[WORK REQUIRED] Once the line holding "Funny Mardi Gras" is found, output it and all remaining lines of the data exactly, with every picture left out.

*** DATA PROVIDED

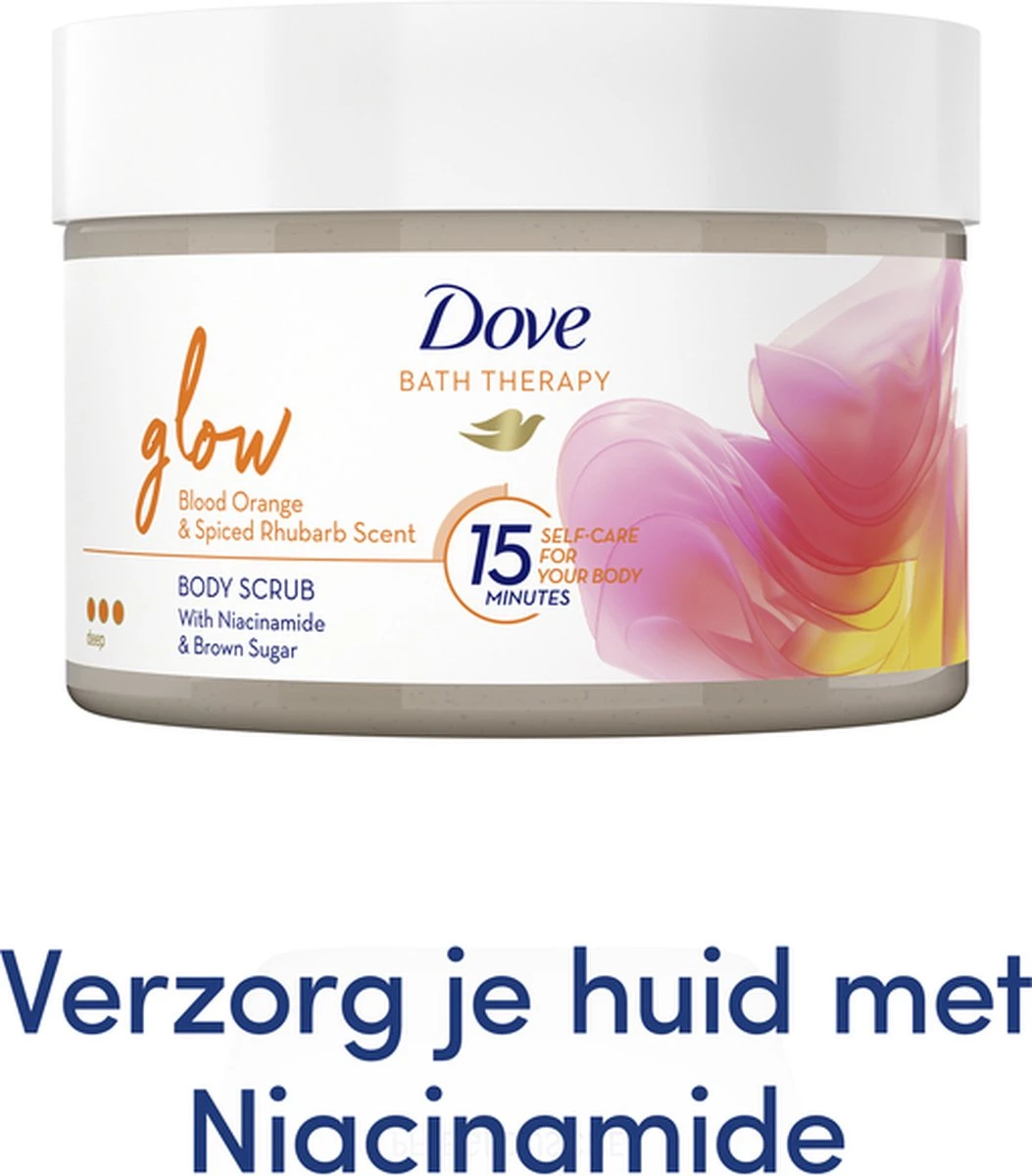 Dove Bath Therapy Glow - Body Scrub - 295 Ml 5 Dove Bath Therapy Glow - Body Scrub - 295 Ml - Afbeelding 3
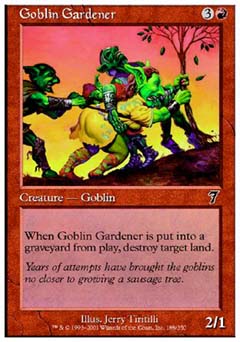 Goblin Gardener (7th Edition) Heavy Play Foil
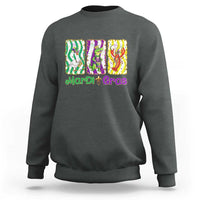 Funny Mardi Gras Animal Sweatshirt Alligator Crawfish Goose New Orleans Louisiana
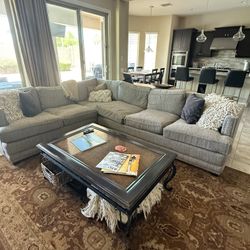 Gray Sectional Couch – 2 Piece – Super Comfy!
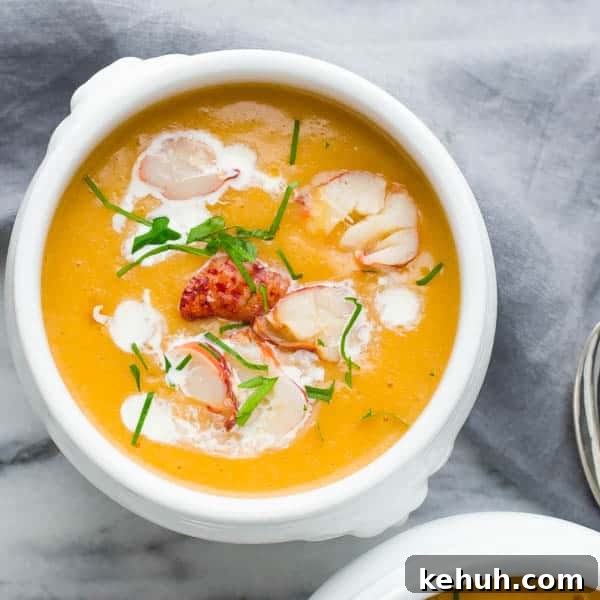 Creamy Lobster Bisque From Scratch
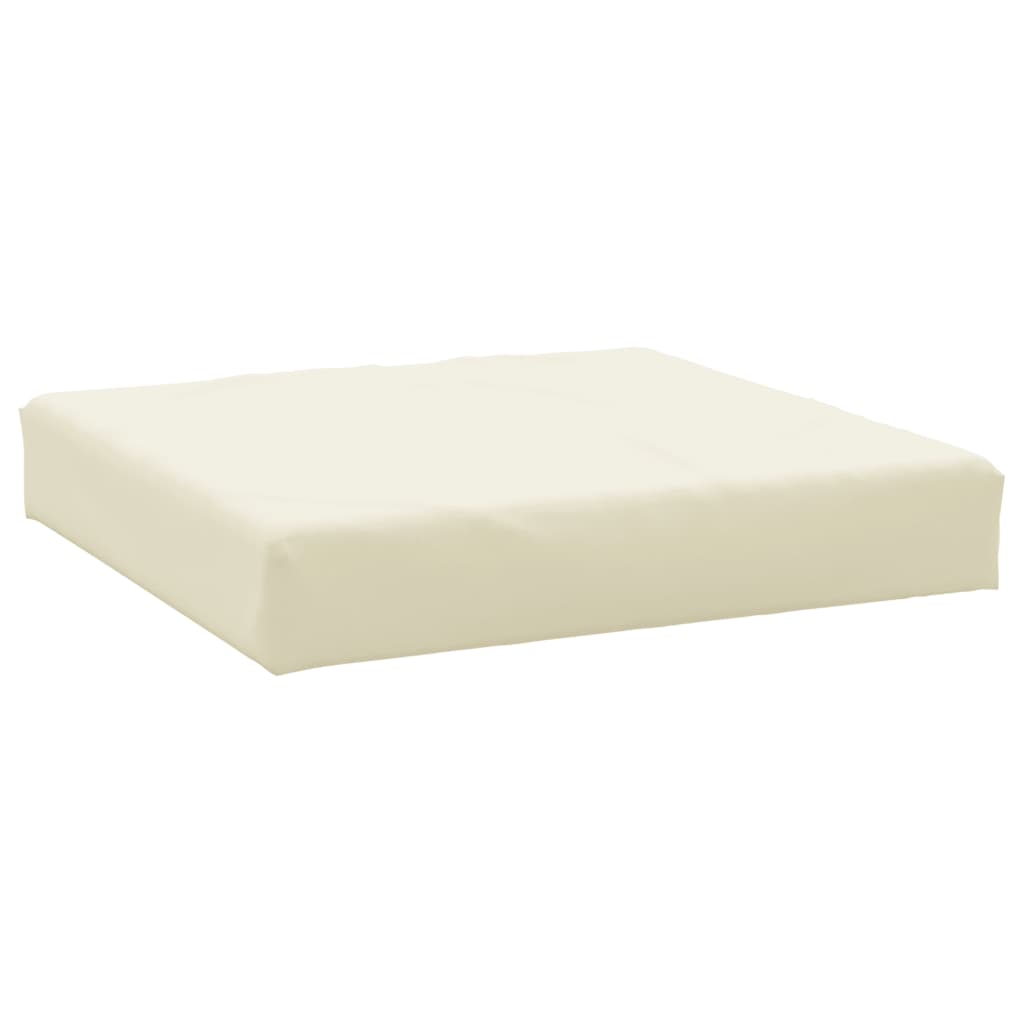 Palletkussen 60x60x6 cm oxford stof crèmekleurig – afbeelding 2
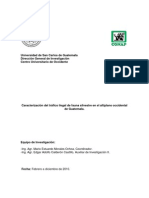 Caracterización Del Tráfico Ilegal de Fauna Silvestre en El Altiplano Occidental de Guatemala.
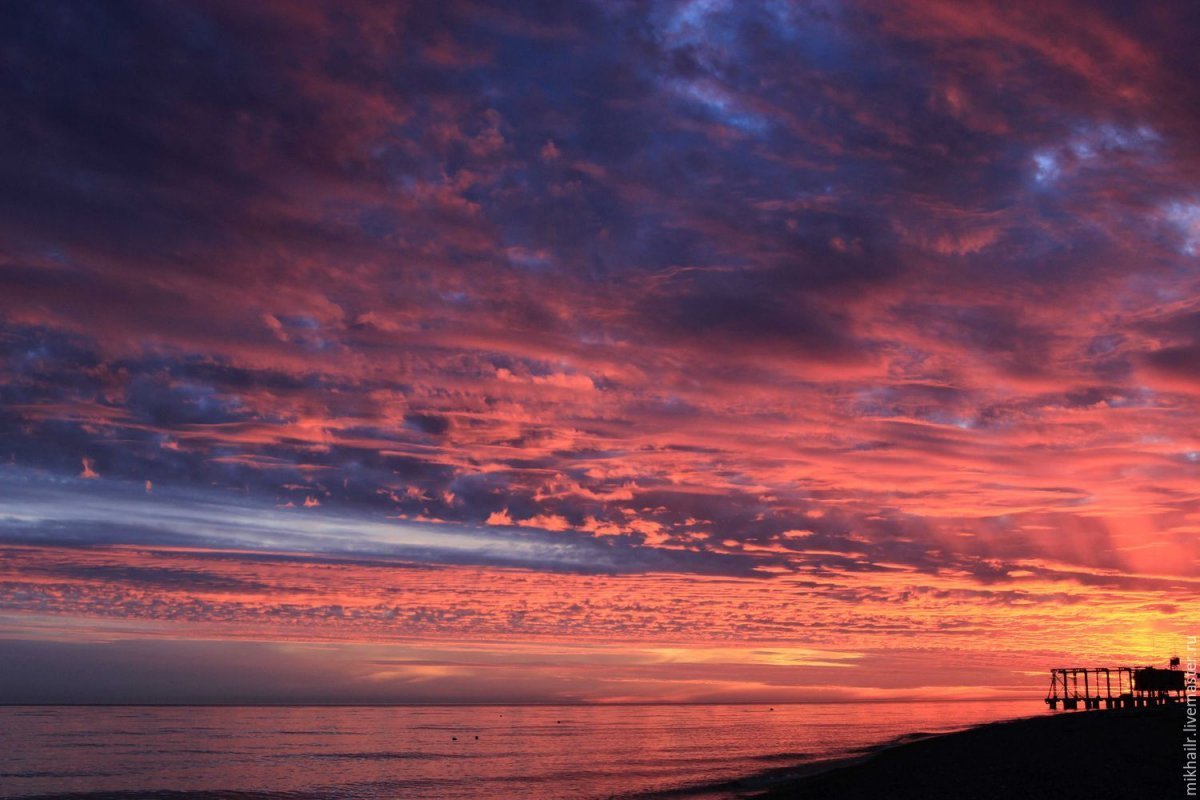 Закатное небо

******

[RESPONSE]
 Funny Mardi Gras Animal Sweatshirt Alligator Crawfish Goose New Orleans Louisiana
 Gray Sectional Couch – 2 Piece – Super Comfy!
 Creamy Lobster Bisque From Scratch
 Palletkussen 60x60x6 cm oxford stof crèmekleurig – afbeelding 2
 Caracterización Del Tráfico Ilegal de Fauna Silvestre en El Altiplano Occidental de Guatemala.
 Закатное небо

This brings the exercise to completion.